In this interestingly framed memoir, Raskin intersperses frivolous anecdotes about his own adventures in Japan with 10 monologues addressed to “Dear Momofuku,” in which he pours out his disappointments and dilemmas with the opposite sex, imploring Ando (who was not yet dead at the time of writing) to serve as his personal Miss Lonelyhearts.

The promise of romantic repair is almost dramatic enough to tease the naive into thinking this book might be a modern hipster twist on the genre of works by foreigners who came to Japan in serious search of knowledge and enlightenment (“The Empty Mirror: Experiences in a Japanese Zen Monastery” (1973) by Dutch author Janwillem van der Wetering is one fine example). But “Ramen King,” like “Tokyo Woes” by Bruce Jay Friedman (1985) or “Dave Barry Does Japan” (1993), is more like a long-running gag routine conveying the message that Japan is best enjoyed when not taken too seriously.

In one of the book’s more opaque observations, Raskin writes, “People often ask me what fascinates me about Japan, and for a long time I never knew how to explain it. Here it is though, in a nutshell: There’s a Gyoza Stadium on the third floor of a video game arcade called Namco City, and a chart on the wall lists the ratios of soy sauce to vinegar found in gyoza dipping sauces in different regions of the country.”

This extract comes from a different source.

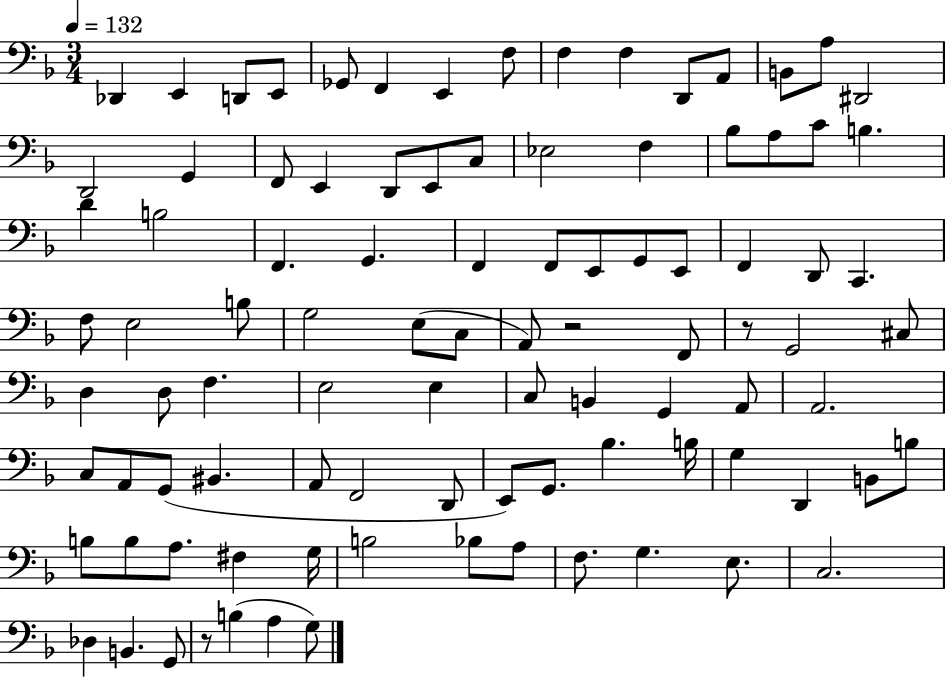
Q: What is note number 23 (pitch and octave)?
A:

Elsewhere, though, Raskin’s recounting of his comedic adventures become distracting. While browsing for victuals in Ebisu he picks up a buxom divorcee and enjoys a one-night stand, breaking a vow of short-term celibacy.

This is not to say the commentary, even when trivial, fails to amuse. Unable to decide on which bento (boxed lunch) to purchase for consumption aboard the Shinkansen to Osaka, Raskin is mesmerized by the selection of candy sold at the platform kiosk. “There was a strawberry Kit Kat, a green tea Kit Kat, a custard Kit Kat, a mandarin orange Kit Kat, and an Exotic Tokyo Kit Kat (an assortment sold in a package designed by renowned pastry chef Yasumasa Takagi to evoke Tokyo nightlife) . . . Nestle’s Japanese subsidiary was promoting the bars as good-luck charms for college entrance exams, playing up how the candy’s name sounds like ‘Kitto katsu!’ (‘You’ll surely win!’).”

Ando, like many business magnates, was known on occasion to wax philosophical, but Raskin’s use of him as a sounding board for advice about dysfunctional romantic relationships is a rather sophomoric approach, and whether it’s enough to sustain an entire hardcover book depends on whether the reader hungers for a quick nibble or something more substantial. “Ramen King” doesn’t differ greatly from Ando’s celebrated invention: a light snack that is quickly consumed and easily digested.